Using the records below, copy exactly the part that opens with the line holding "Bestier L Shaped" and closes with the line holding "Lucide HANNELORE Tafellamp", minus the pictures.
(PROVIDED RECORDS Opens)
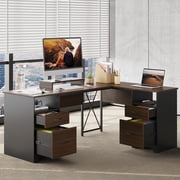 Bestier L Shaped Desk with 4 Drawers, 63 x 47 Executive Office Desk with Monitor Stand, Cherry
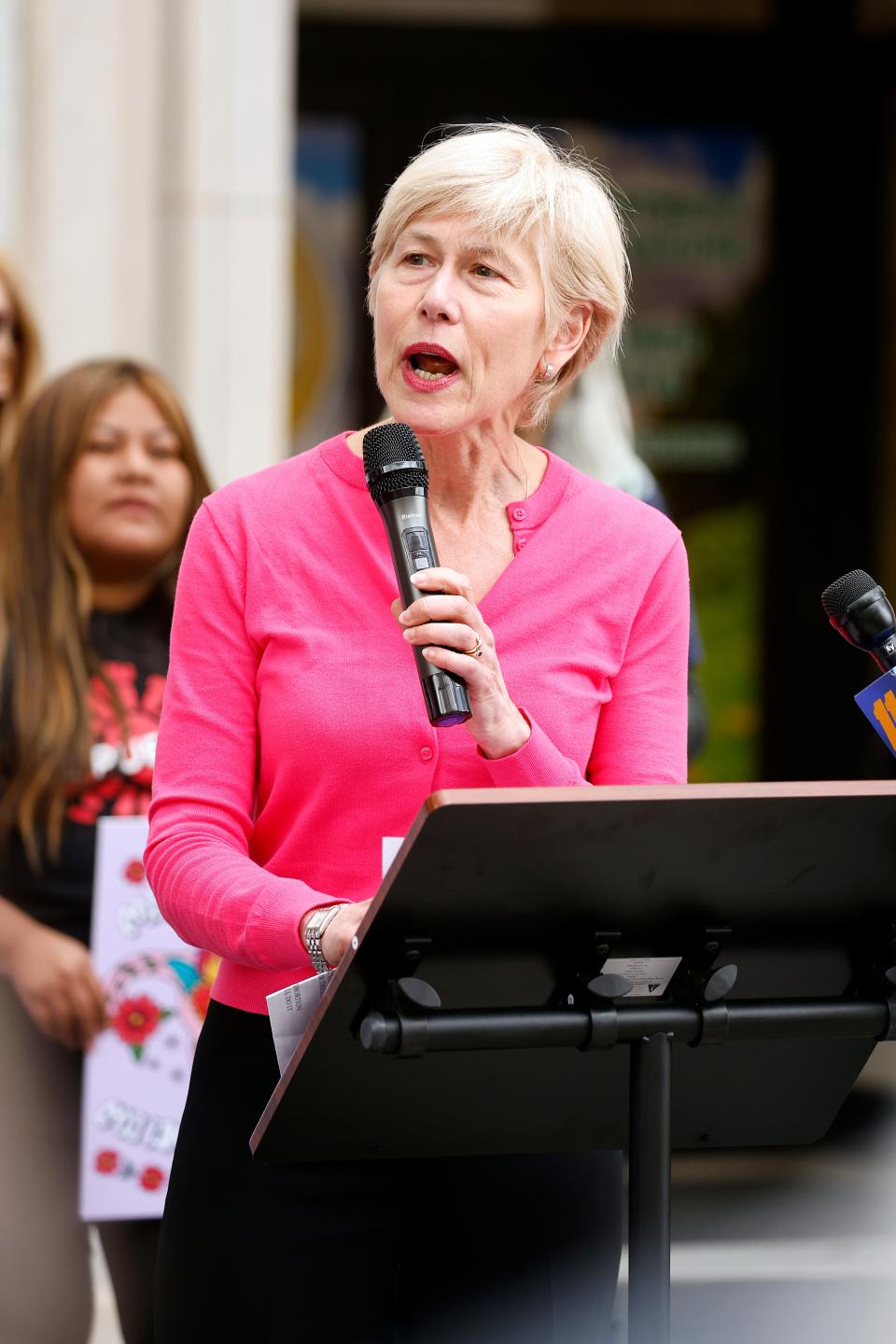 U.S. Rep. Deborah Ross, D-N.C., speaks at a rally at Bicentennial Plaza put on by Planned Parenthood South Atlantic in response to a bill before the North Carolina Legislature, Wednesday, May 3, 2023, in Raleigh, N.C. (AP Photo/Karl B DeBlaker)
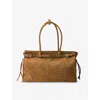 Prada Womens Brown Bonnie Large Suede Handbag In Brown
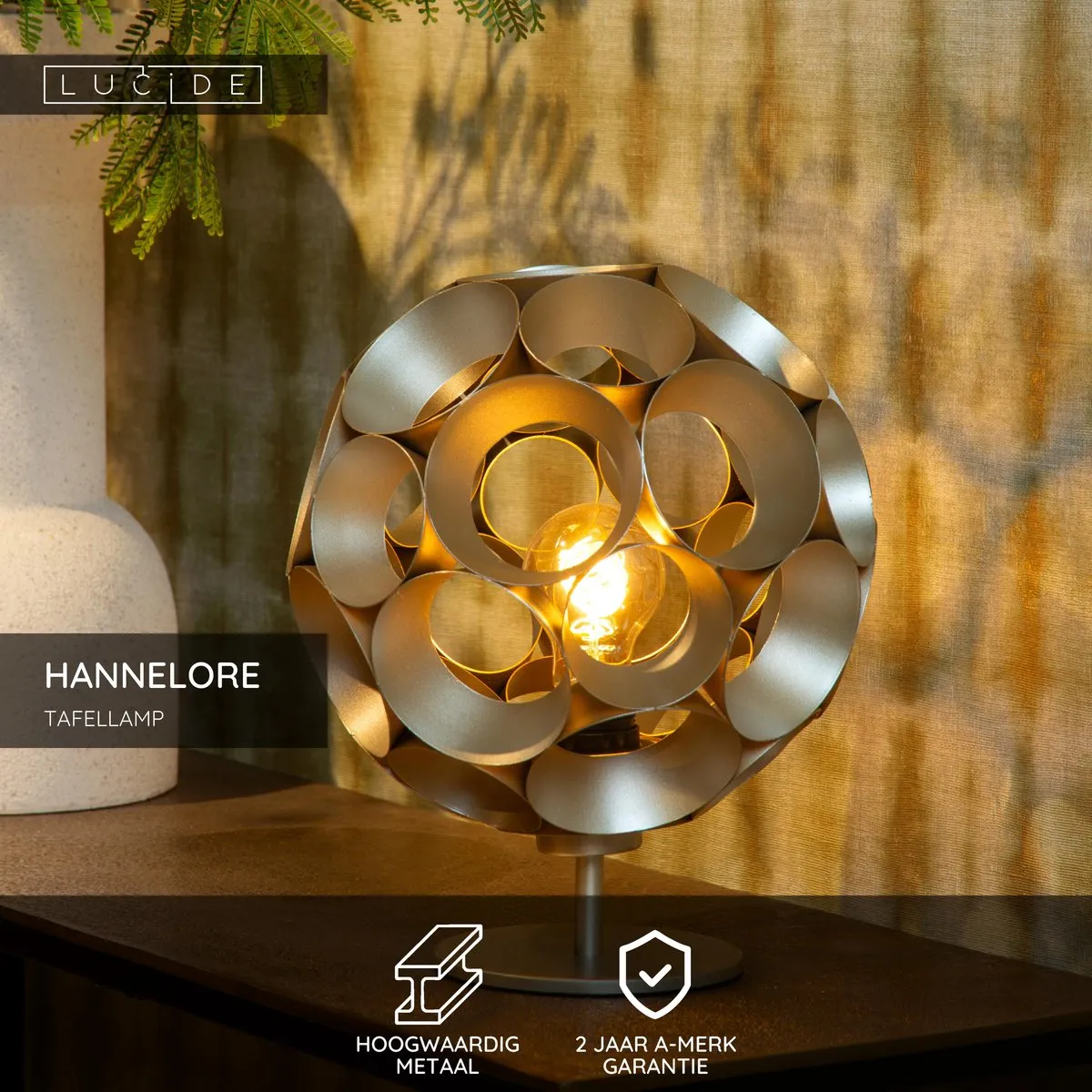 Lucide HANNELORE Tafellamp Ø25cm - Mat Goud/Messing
(PROVIDED RECORDS Closes)
(PROVIDED RECORDS Opens)
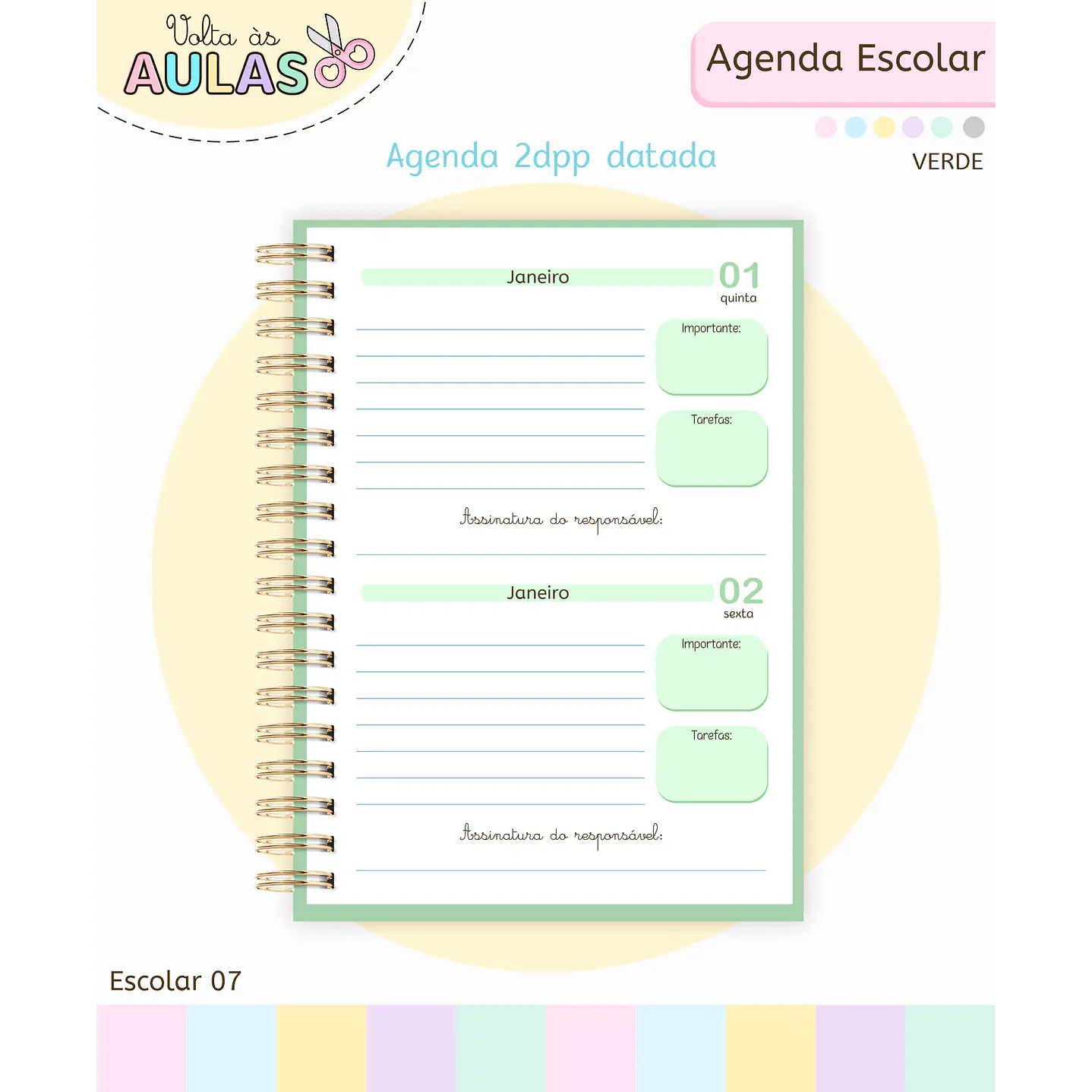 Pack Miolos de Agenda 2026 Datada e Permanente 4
(PROVIDED RECORDS Closes)
(PROVIDED RECORDS Opens)
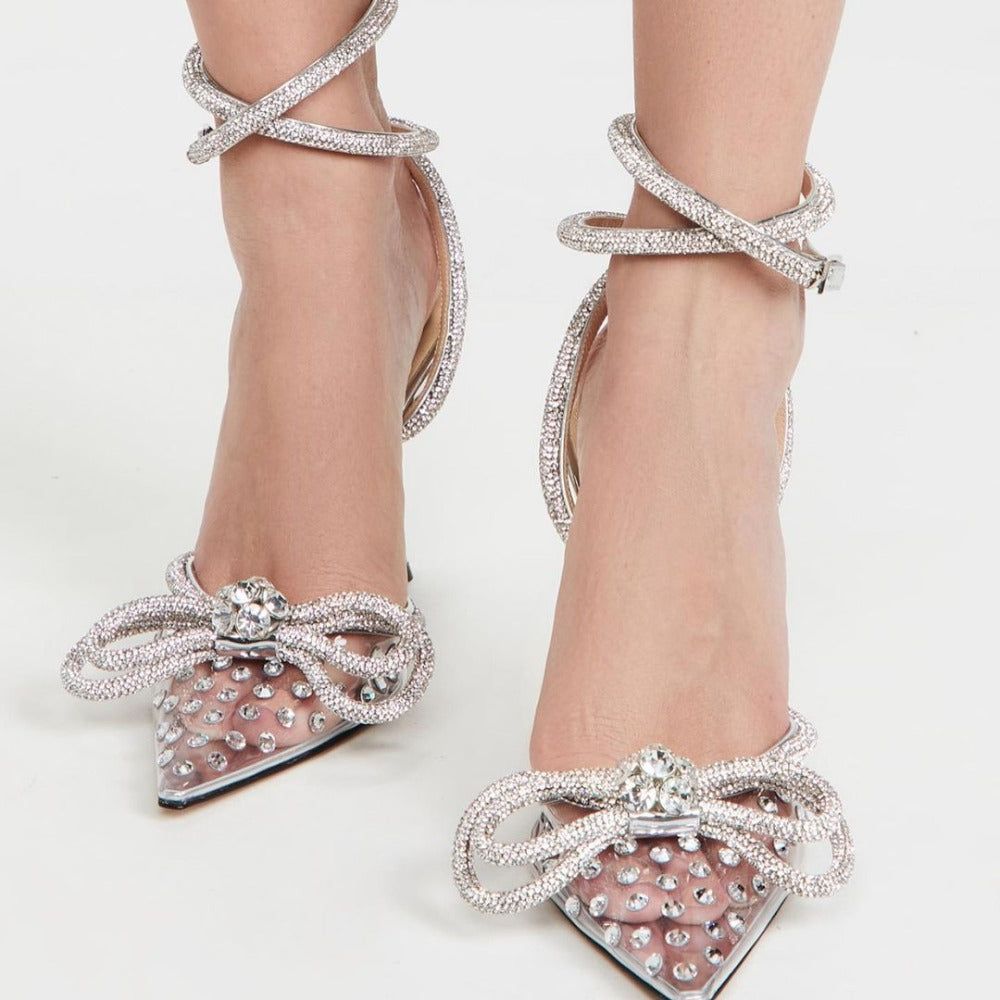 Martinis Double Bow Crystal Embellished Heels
(PROVIDED RECORDS Closes)
**REPLY:**
 Bestier L Shaped Desk with 4 Drawers, 63 x 47 Executive Office Desk with Monitor Stand, Cherry
 U.S. Rep. Deborah Ross, D-N.C., speaks at a rally at Bicentennial Plaza put on by Planned Parenthood South Atlantic in response to a bill before the North Carolina Legislature, Wednesday, May 3, 2023, in Raleigh, N.C. (AP Photo/Karl B DeBlaker)
 Prada Womens Brown Bonnie Large Suede Handbag In Brown
 Lucide HANNELORE Tafellamp Ø25cm - Mat Goud/Messing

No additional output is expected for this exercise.